++++ Records for the task ++++

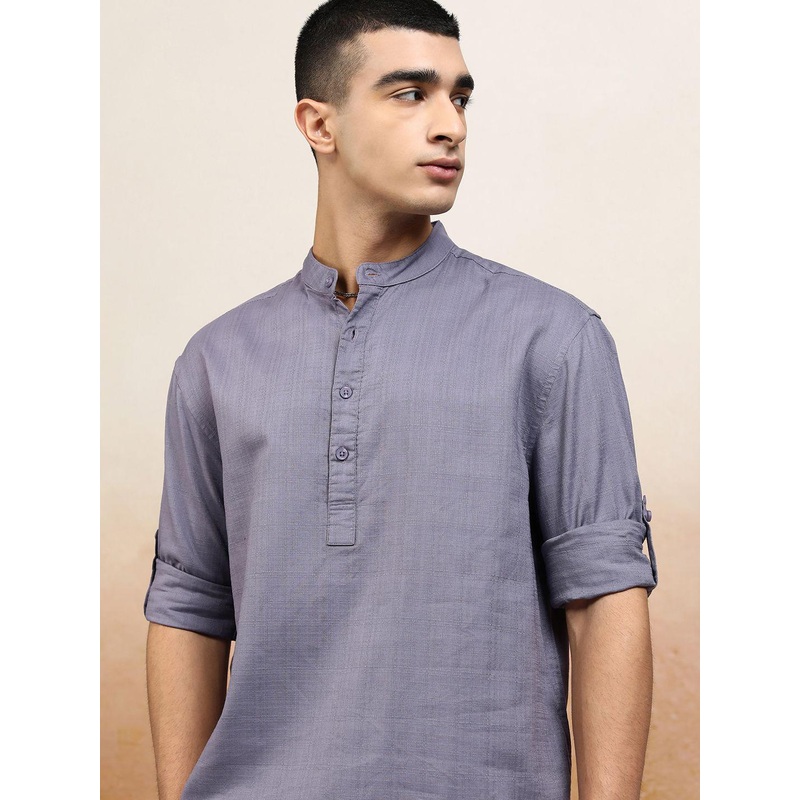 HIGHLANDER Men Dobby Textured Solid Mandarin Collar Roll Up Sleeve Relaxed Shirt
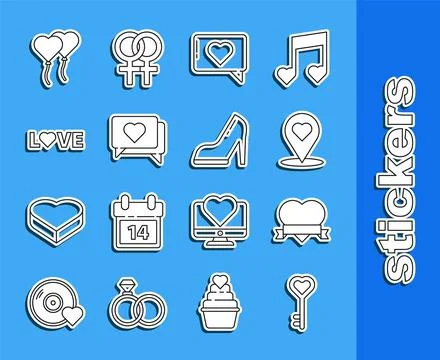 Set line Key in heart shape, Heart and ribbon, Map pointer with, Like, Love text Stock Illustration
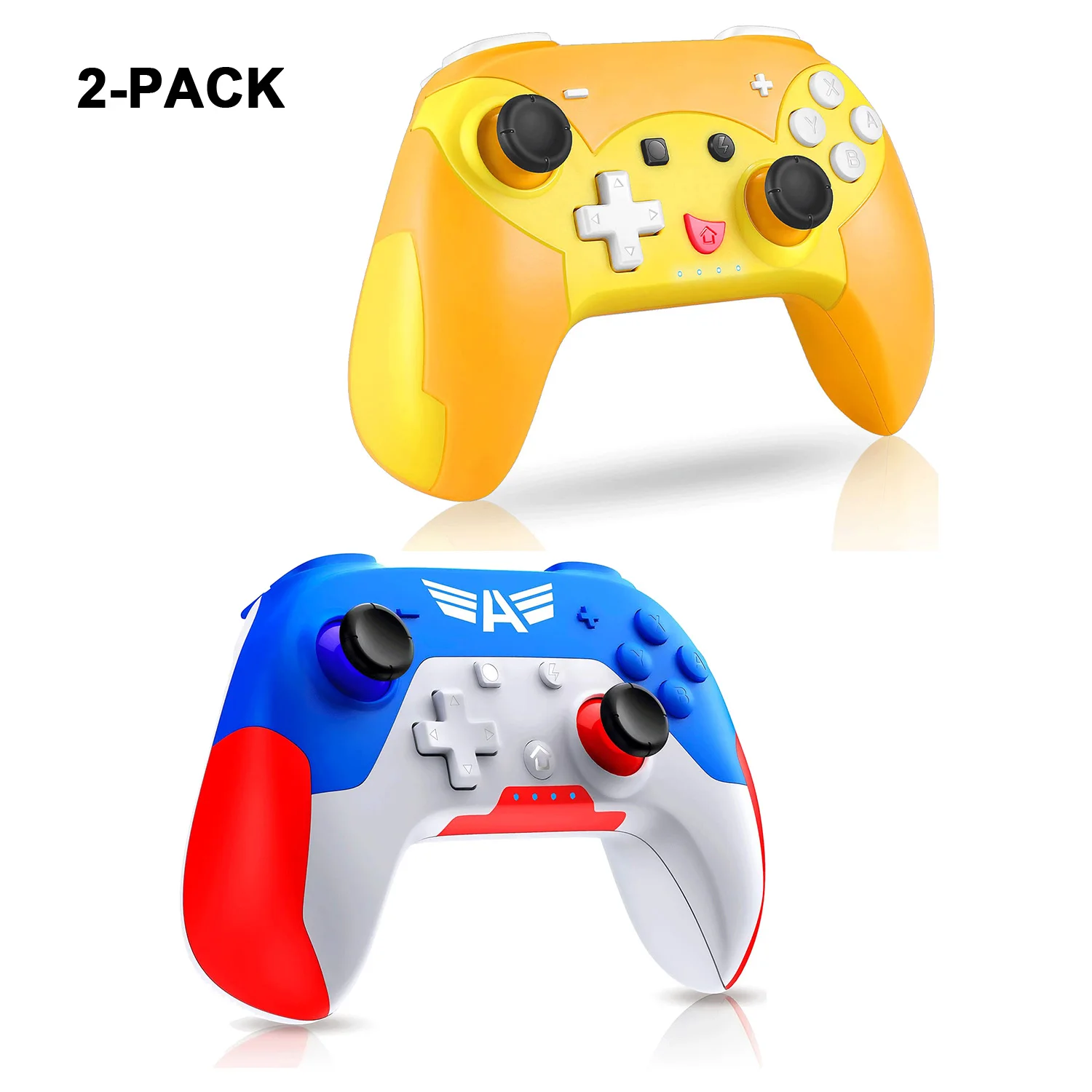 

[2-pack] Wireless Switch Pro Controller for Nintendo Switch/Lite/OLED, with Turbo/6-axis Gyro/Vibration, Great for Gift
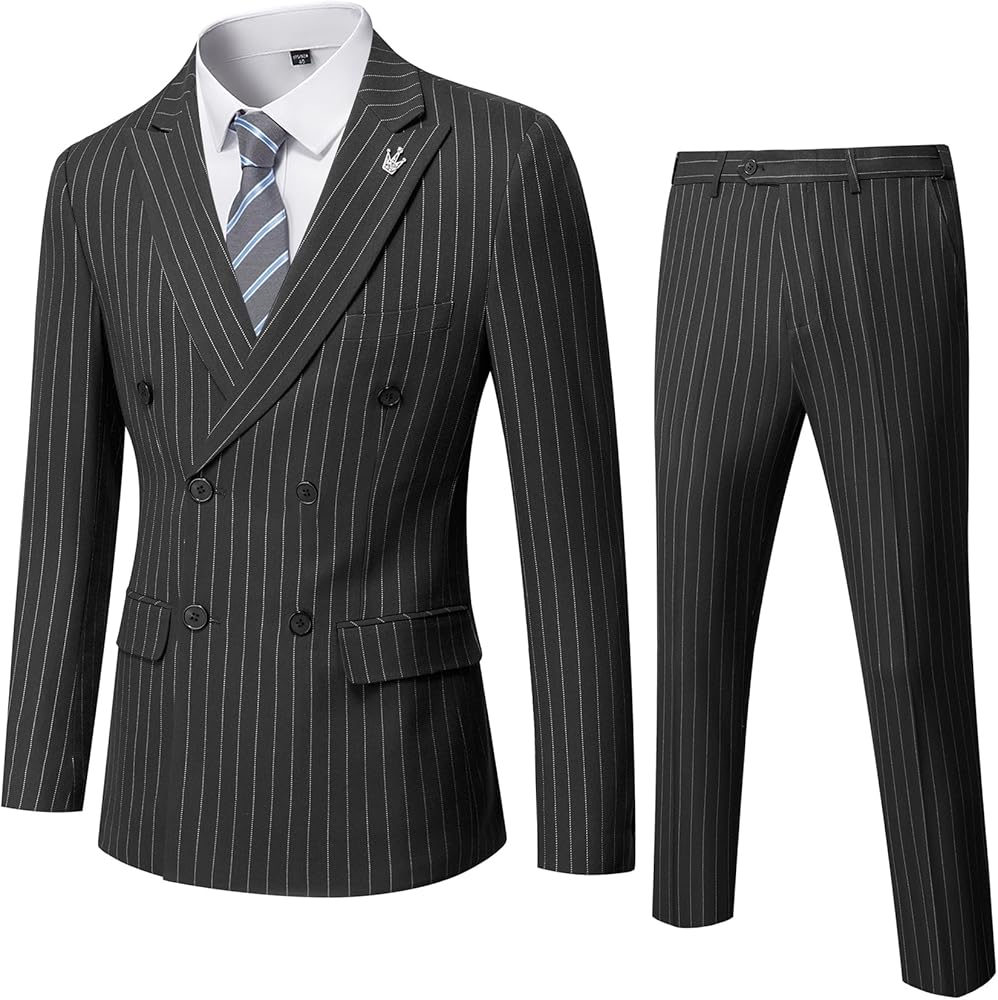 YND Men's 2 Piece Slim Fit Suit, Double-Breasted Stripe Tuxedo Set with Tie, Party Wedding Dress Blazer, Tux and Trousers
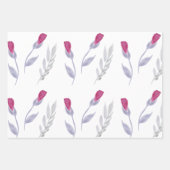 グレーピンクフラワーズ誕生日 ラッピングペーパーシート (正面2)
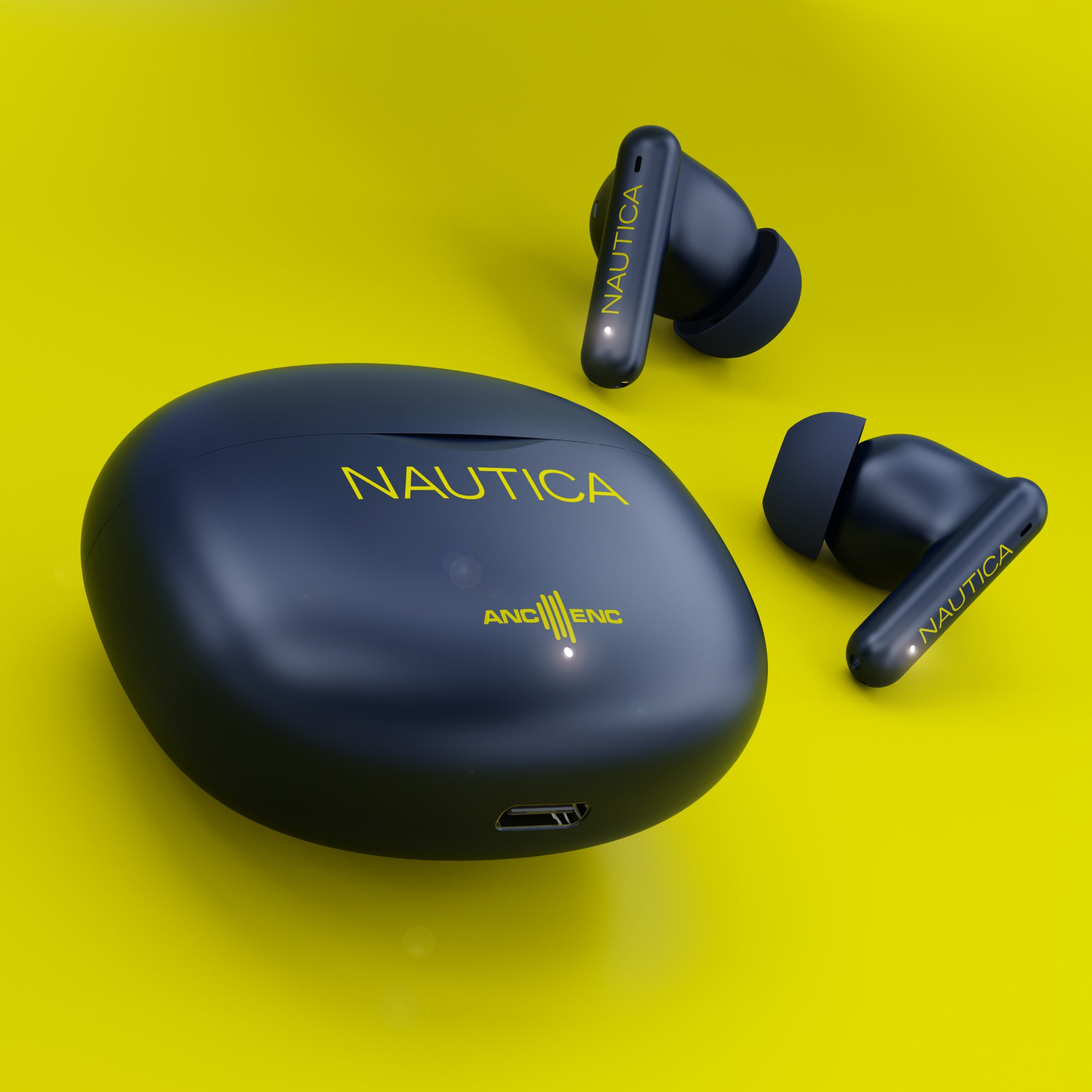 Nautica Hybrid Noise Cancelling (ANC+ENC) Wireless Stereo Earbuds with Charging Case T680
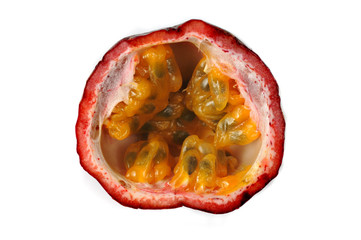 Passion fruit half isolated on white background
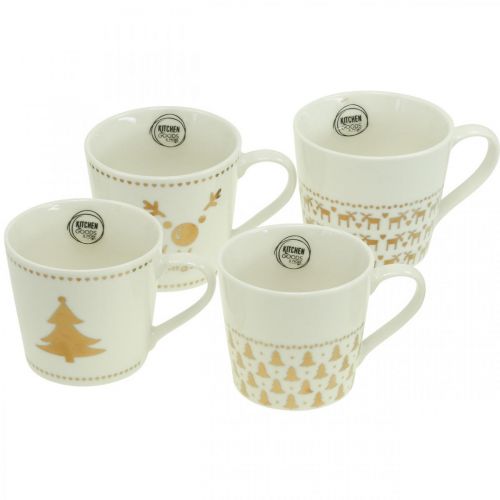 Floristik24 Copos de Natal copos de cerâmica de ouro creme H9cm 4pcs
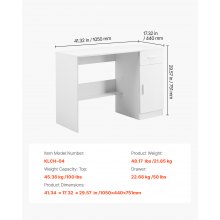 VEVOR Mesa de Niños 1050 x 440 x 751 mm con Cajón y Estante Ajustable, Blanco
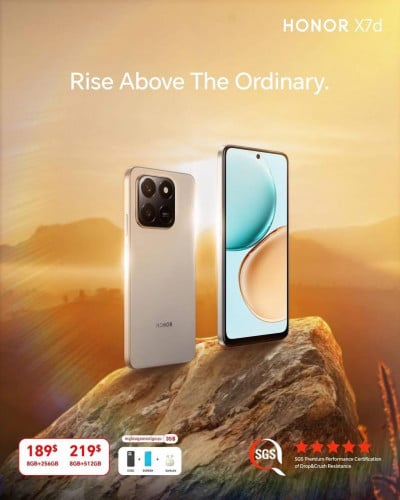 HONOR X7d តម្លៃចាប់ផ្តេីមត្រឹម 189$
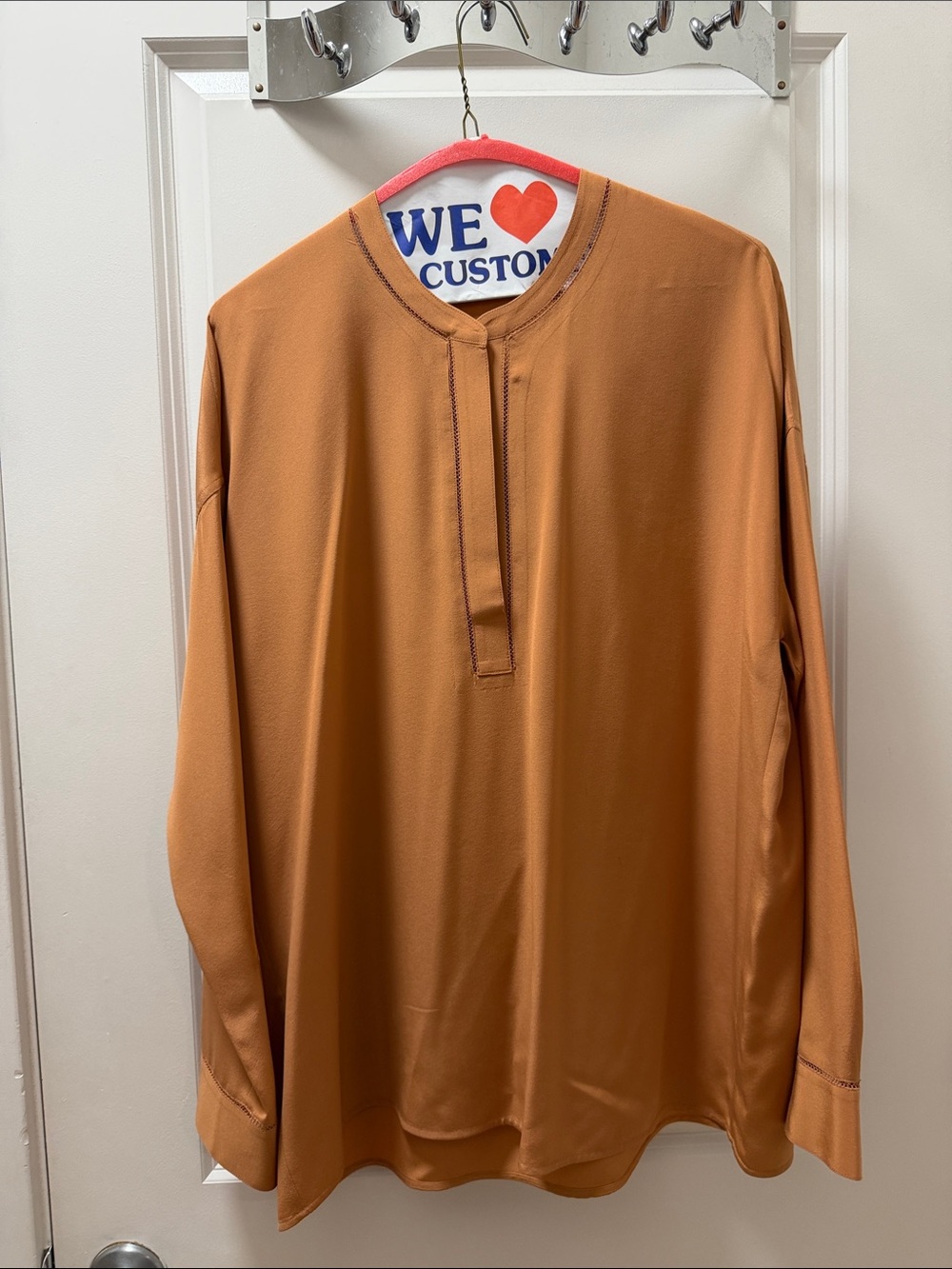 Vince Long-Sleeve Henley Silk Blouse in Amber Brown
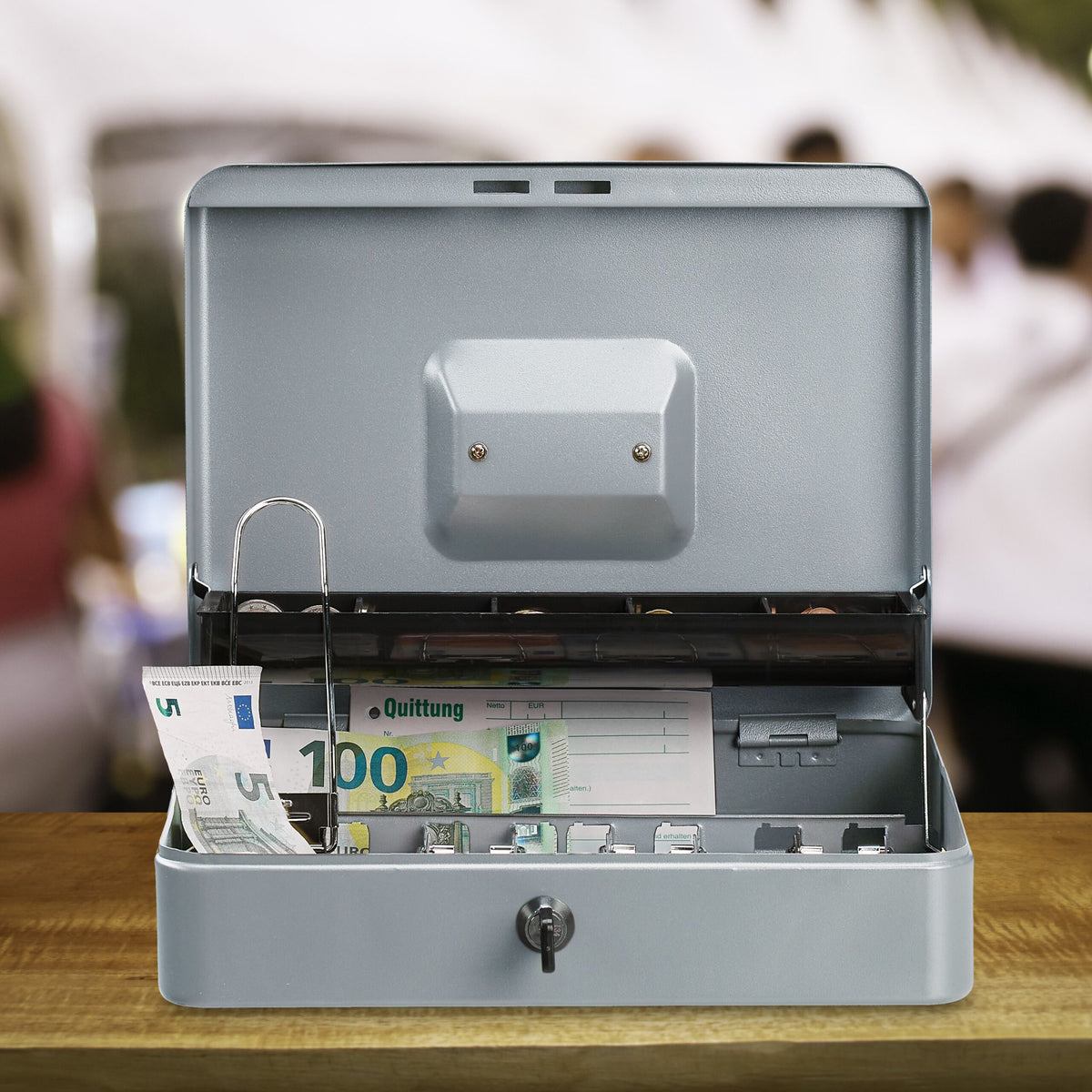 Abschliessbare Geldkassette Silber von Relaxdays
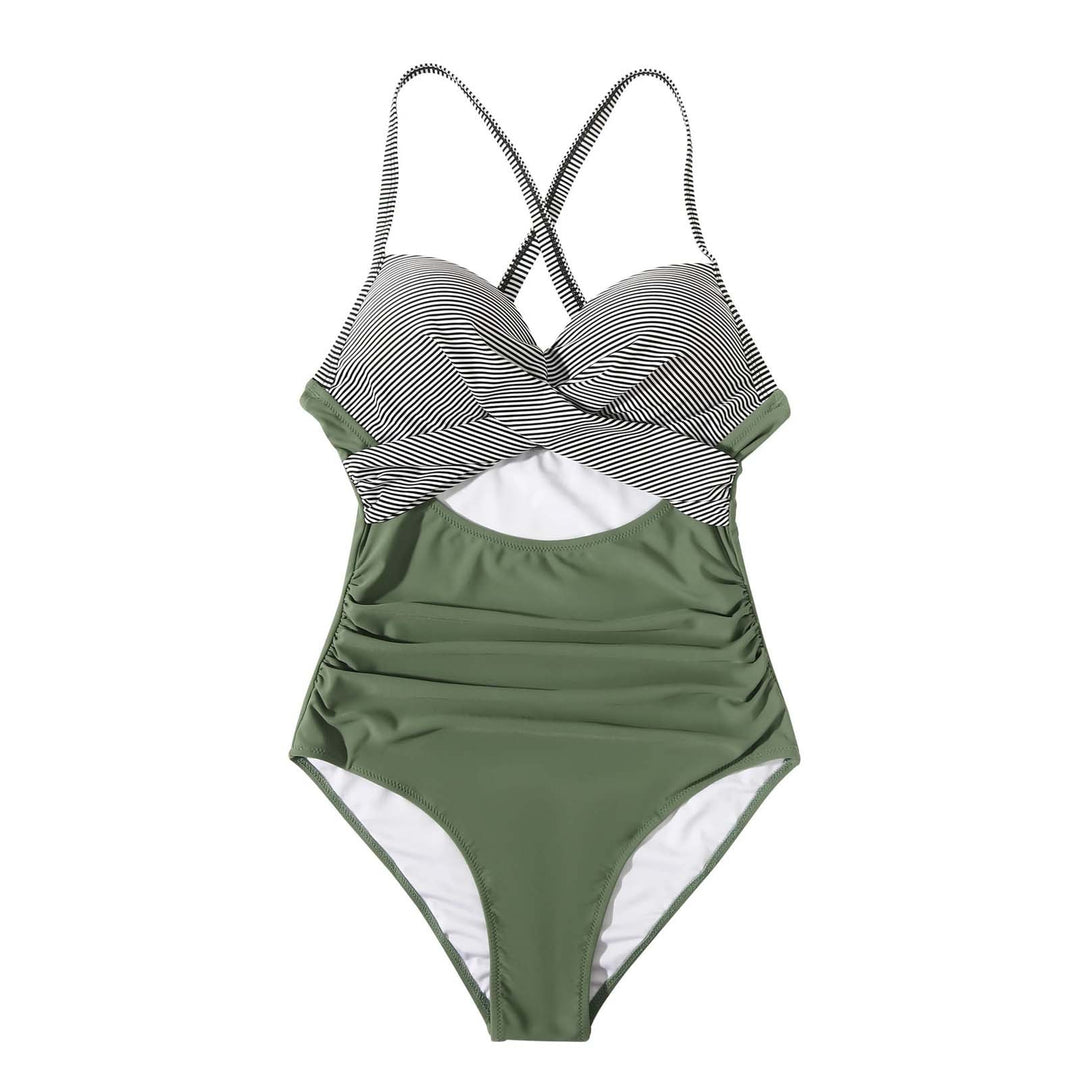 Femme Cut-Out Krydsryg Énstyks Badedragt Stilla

++++

## Your instructions:
Every line from the one with "HONOR X7d តម្លៃចាប់ផ្តេីមត្រឹម 189$" through the last line of the data must be copied exactly. Leave the pictures out.

## Answer section:
 HONOR X7d តម្លៃចាប់ផ្តេីមត្រឹម 189$
 Vince Long-Sleeve Henley Silk Blouse in Amber Brown
 Abschliessbare Geldkassette Silber von Relaxdays
 Femme Cut-Out Krydsryg Énstyks Badedragt Stilla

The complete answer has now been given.